Try it
Nothing but the lines from the start of the entries below through the line containing "ANTIGO NAUTICAL BRASS" should appear in the answer, copied exactly and free of pictures.

Records shown
__________

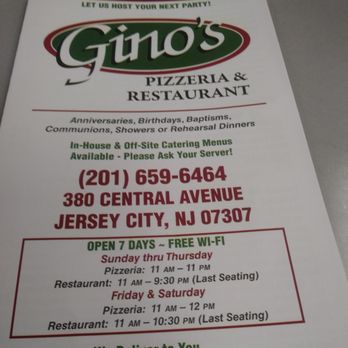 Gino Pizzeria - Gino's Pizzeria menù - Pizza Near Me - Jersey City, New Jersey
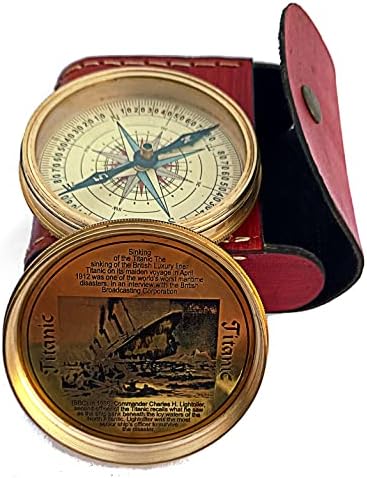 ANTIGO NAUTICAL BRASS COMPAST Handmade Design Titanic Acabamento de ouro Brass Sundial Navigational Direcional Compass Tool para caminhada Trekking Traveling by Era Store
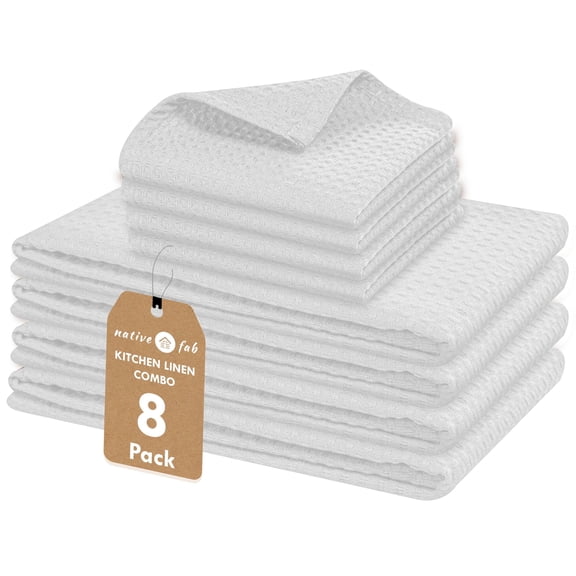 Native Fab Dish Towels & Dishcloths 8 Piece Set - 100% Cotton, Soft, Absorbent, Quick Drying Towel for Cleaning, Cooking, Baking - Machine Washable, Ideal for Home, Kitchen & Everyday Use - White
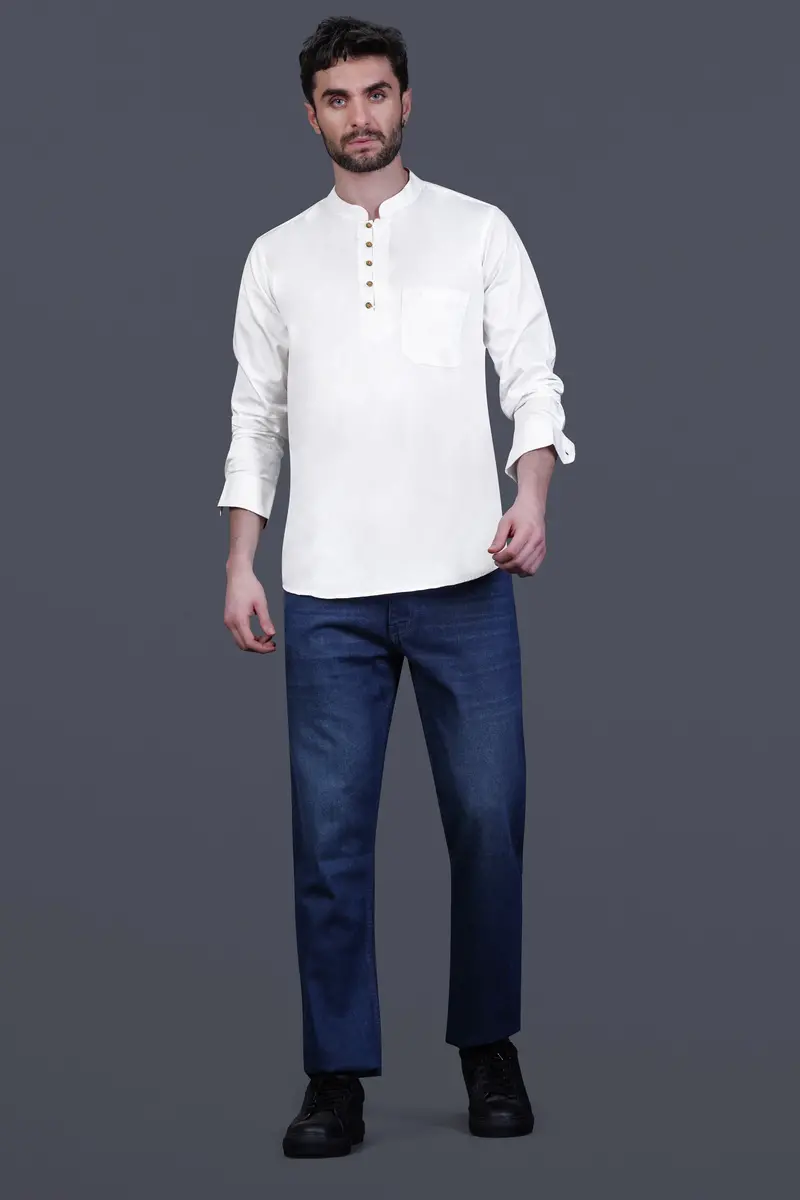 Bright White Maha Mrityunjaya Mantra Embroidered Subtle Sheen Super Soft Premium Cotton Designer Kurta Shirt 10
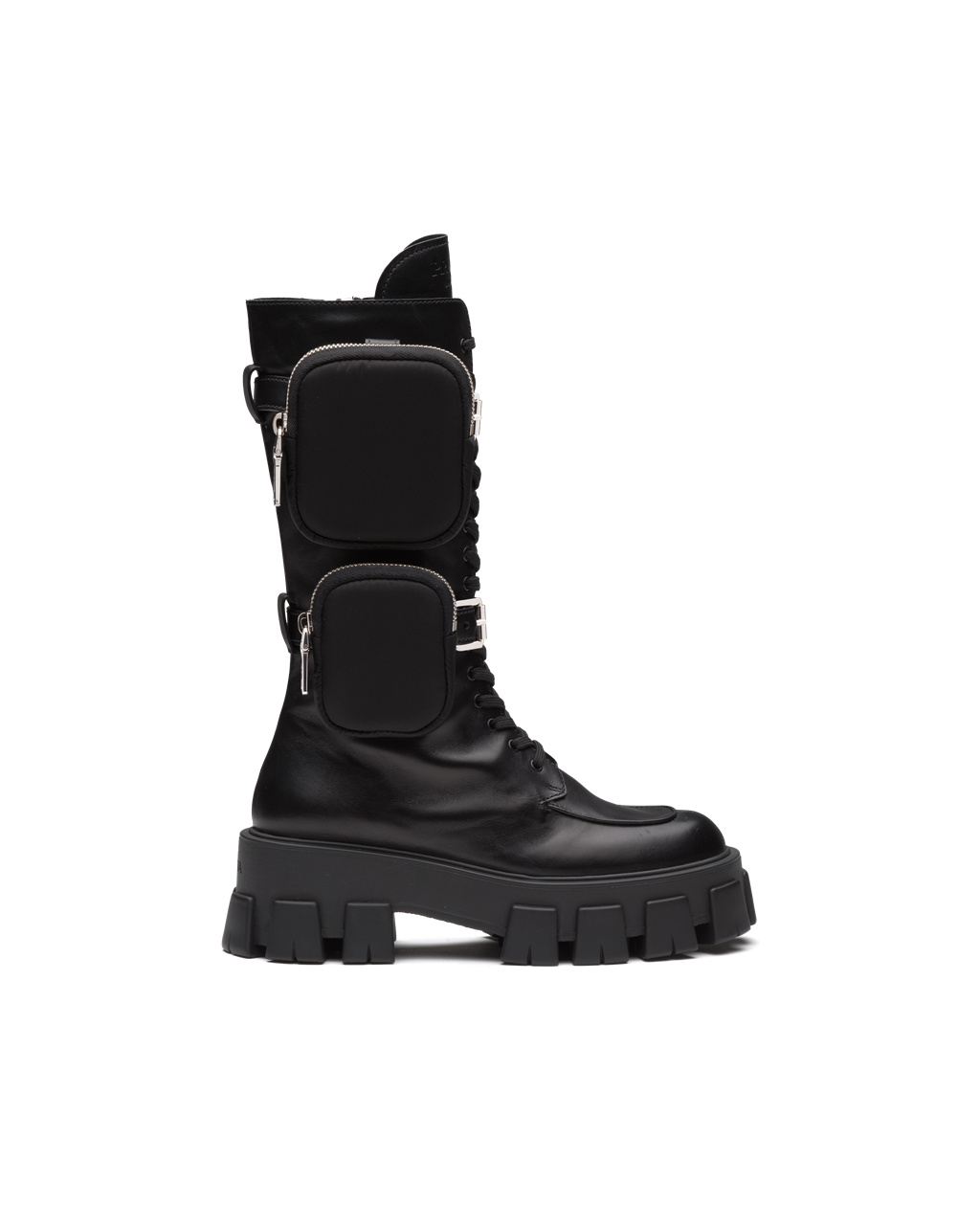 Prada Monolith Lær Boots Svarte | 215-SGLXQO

__________

Response area
 Gino Pizzeria - Gino's Pizzeria menù - Pizza Near Me - Jersey City, New Jersey
 ANTIGO NAUTICAL BRASS COMPAST Handmade Design Titanic Acabamento de ouro Brass Sundial Navigational Direcional Compass Tool para caminhada Trekking Traveling by Era Store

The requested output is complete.